#### DATA FOR ANALYSIS
# # # # # # #
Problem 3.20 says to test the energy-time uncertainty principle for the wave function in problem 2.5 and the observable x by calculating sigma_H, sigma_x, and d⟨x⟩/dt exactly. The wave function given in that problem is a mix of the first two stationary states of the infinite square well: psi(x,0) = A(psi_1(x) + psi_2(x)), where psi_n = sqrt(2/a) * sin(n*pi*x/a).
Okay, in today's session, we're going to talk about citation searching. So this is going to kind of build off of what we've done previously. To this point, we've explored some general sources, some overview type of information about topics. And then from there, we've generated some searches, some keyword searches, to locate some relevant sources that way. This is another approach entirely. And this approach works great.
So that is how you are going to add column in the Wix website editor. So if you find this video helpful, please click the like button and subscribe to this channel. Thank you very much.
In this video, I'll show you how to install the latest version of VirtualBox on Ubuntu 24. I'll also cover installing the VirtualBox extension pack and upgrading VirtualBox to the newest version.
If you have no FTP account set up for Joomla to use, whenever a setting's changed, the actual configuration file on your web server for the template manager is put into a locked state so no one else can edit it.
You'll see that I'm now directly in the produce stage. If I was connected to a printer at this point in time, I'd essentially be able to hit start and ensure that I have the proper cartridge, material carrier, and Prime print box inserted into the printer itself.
# # # # # # #
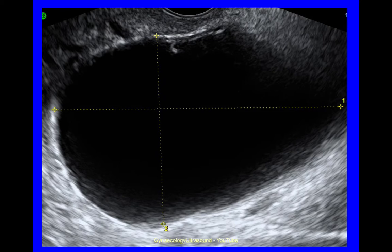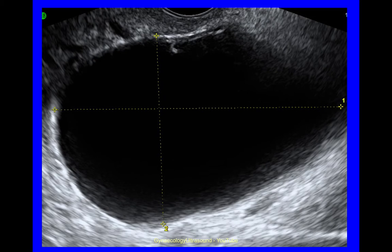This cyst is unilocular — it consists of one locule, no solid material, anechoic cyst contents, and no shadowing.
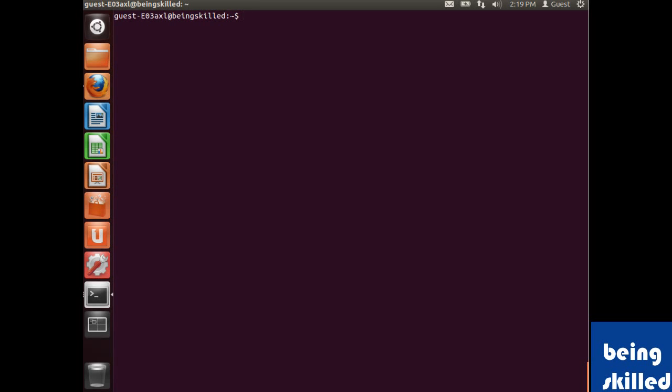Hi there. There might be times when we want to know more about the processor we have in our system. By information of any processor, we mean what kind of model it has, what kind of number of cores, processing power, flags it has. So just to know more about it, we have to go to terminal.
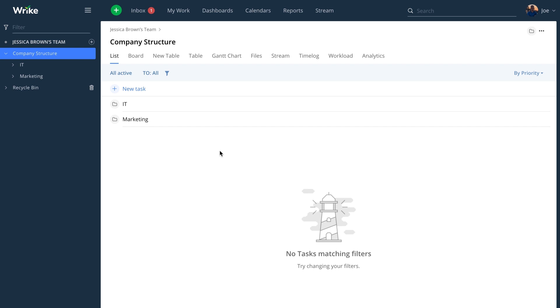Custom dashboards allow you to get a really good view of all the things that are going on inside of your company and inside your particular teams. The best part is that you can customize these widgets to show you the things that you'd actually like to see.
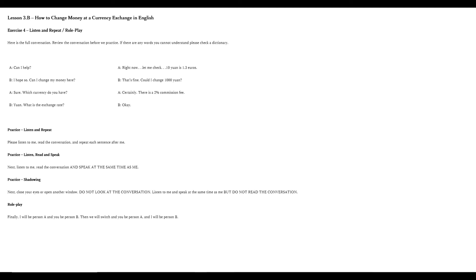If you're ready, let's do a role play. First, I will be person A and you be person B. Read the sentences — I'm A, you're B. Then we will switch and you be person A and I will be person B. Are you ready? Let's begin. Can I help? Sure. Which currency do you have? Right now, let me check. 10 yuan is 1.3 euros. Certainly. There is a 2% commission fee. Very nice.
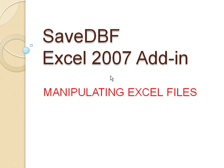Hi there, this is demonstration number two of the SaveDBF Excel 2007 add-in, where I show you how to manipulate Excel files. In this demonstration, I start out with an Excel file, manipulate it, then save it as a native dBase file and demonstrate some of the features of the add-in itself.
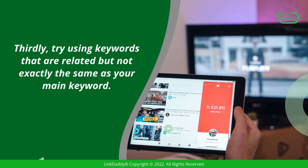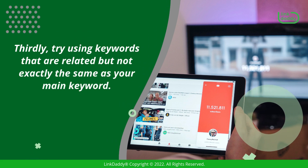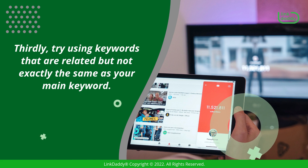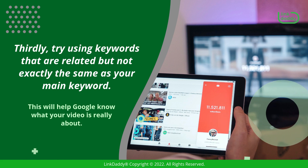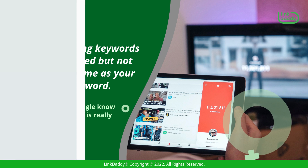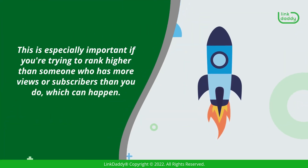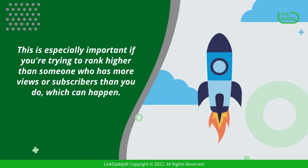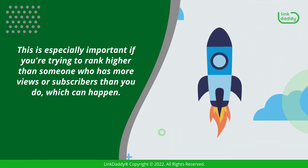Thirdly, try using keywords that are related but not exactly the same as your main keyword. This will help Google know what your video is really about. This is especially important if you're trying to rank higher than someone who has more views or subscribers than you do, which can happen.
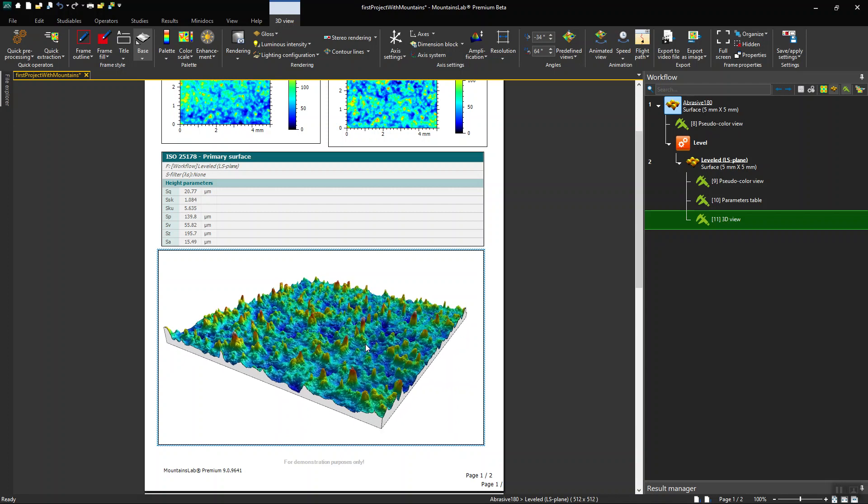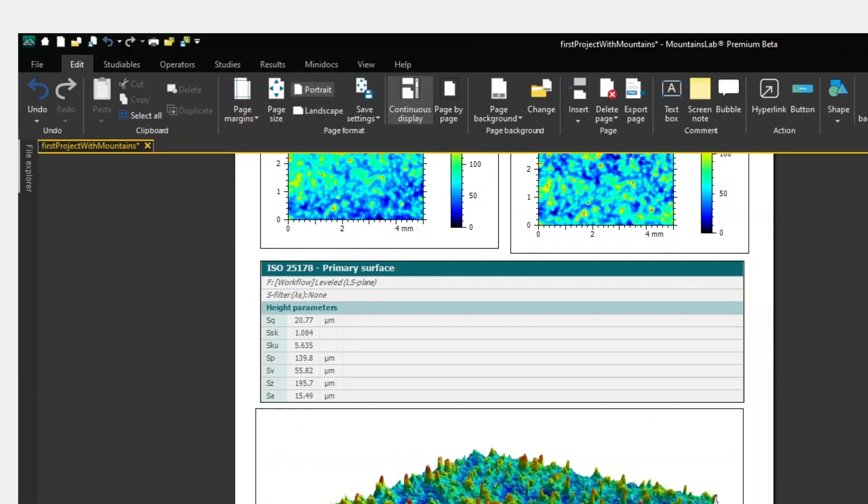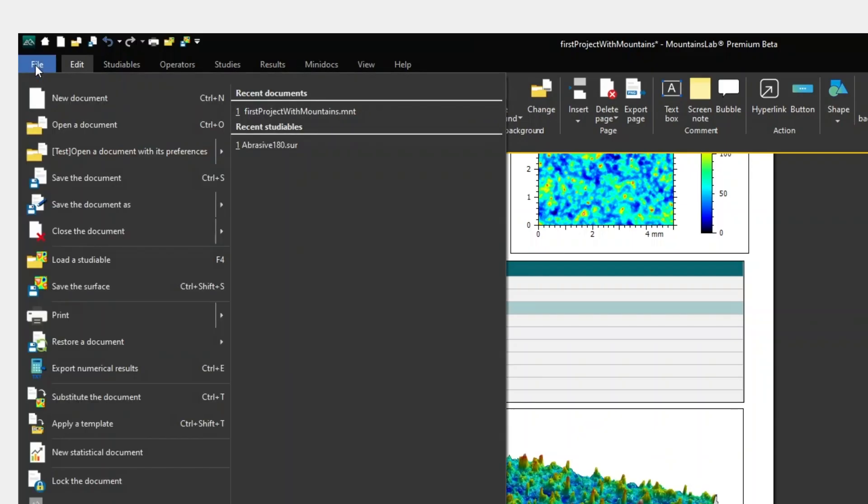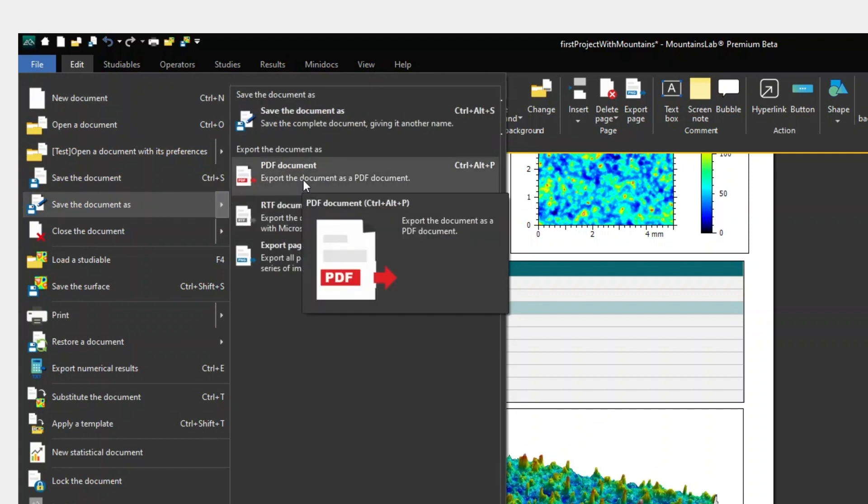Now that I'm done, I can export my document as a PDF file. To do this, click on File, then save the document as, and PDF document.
# # # # # # #
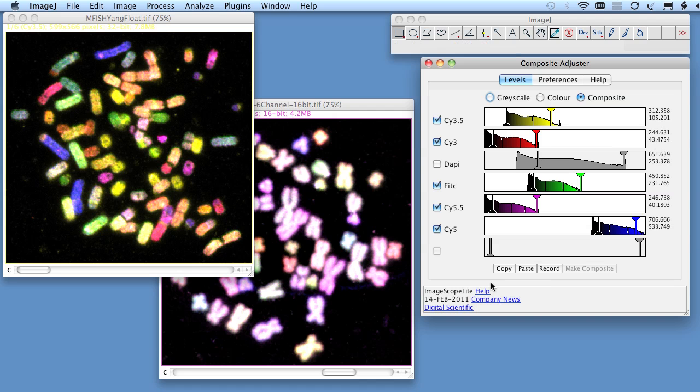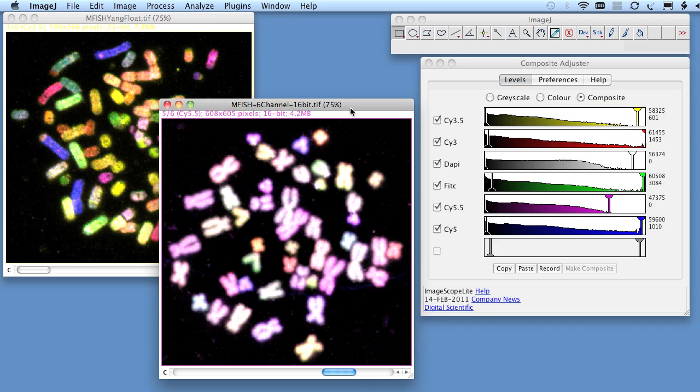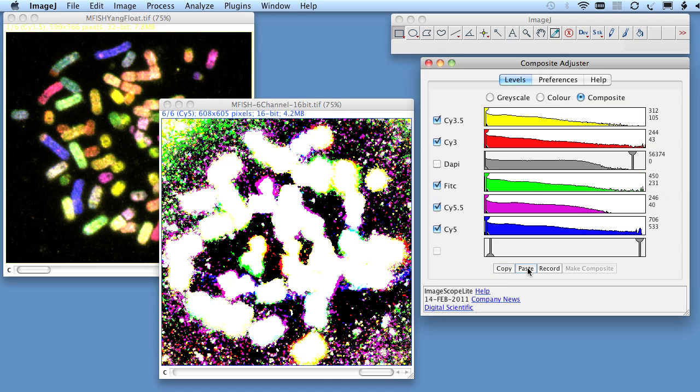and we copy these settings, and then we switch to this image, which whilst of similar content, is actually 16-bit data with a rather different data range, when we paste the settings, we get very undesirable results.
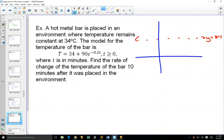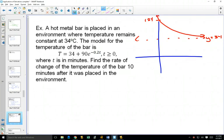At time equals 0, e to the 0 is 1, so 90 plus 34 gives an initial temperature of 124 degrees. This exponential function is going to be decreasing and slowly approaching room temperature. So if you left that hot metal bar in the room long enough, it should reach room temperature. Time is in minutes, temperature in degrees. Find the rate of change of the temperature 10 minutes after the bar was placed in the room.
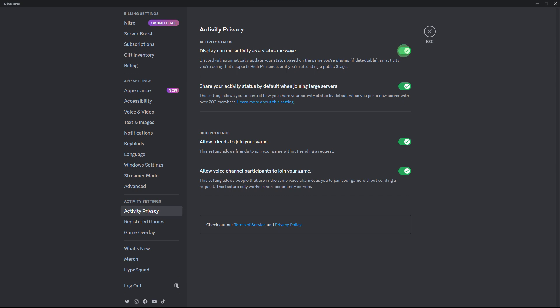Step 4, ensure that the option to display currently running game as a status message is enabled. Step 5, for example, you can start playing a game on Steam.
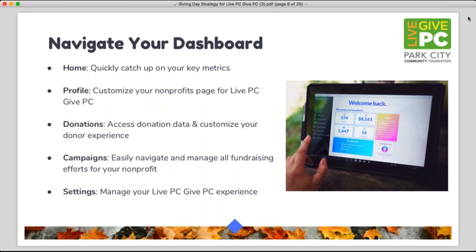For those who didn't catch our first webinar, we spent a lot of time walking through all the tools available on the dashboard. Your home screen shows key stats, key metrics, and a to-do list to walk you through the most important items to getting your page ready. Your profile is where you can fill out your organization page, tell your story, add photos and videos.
# # # # # # #
#### YOUR INSTRUCTIONS
Within the material above, find the part that opens with the line containing "This cyst is" and closes with the line containing "Hi there, this", and reproduce it exactly without the pictures.

#### ANSWER TO THIS EXERCISE
This cyst is unilocular — it consists of one locule, no solid material, anechoic cyst contents, and no shadowing.
Hi there. There might be times when we want to know more about the processor we have in our system. By information of any processor, we mean what kind of model it has, what kind of number of cores, processing power, flags it has. So just to know more about it, we have to go to terminal.
Custom dashboards allow you to get a really good view of all the things that are going on inside of your company and inside your particular teams. The best part is that you can customize these widgets to show you the things that you'd actually like to see.
If you're ready, let's do a role play. First, I will be person A and you be person B. Read the sentences — I'm A, you're B. Then we will switch and you be person A and I will be person B. Are you ready? Let's begin. Can I help? Sure. Which currency do you have? Right now, let me check. 10 yuan is 1.3 euros. Certainly. There is a 2% commission fee. Very nice.
Hi there, this is demonstration number two of the SaveDBF Excel 2007 add-in, where I show you how to manipulate Excel files. In this demonstration, I start out with an Excel file, manipulate it, then save it as a native dBase file and demonstrate some of the features of the add-in itself.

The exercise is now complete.